**Exercise aim**
Search the listing below for the line containing "Moose bite Sticker". From there through the line containing "Código penal militar: Comentado", transcribe every line exactly, both ends included.
━━━━━ Available records ━━━━━
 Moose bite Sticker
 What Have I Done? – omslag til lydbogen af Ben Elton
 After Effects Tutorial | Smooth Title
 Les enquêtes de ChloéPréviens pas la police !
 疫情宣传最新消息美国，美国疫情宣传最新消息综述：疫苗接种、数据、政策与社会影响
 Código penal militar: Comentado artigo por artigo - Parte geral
━━━━━
━━━━━ Available records ━━━━━
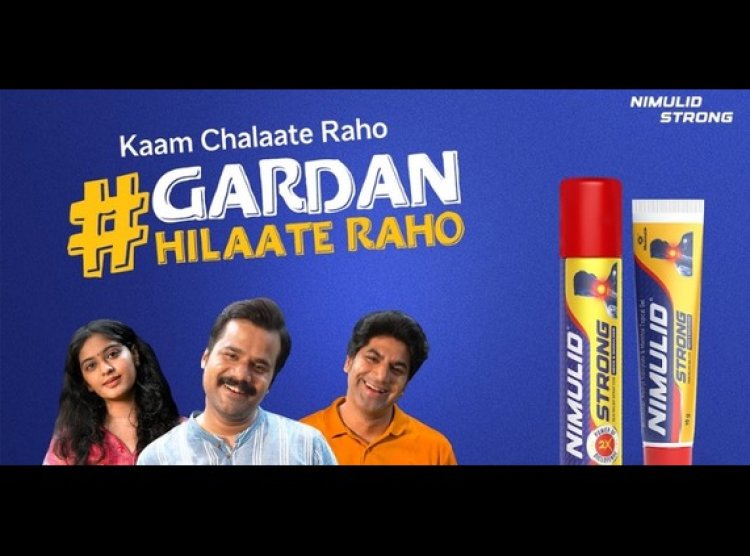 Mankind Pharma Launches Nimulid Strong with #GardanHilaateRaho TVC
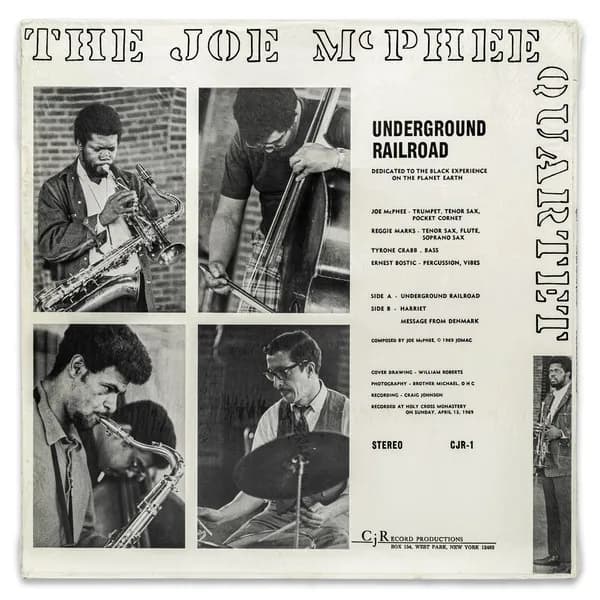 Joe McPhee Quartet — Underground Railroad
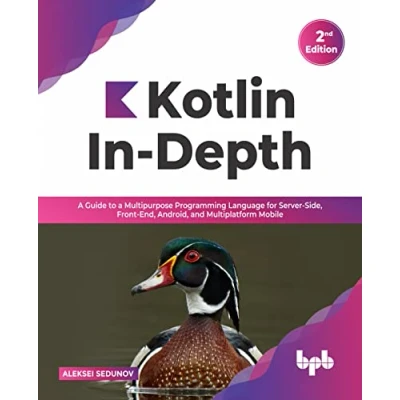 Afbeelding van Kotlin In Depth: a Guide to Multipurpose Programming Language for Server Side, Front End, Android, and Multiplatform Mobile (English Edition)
━━━━━
**Answer for the task**
 Moose bite Sticker
 What Have I Done? – omslag til lydbogen af Ben Elton
 After Effects Tutorial | Smooth Title
 Les enquêtes de ChloéPréviens pas la police !
 疫情宣传最新消息美国，美国疫情宣传最新消息综述：疫苗接种、数据、政策与社会影响
 Código penal militar: Comentado artigo por artigo - Parte geral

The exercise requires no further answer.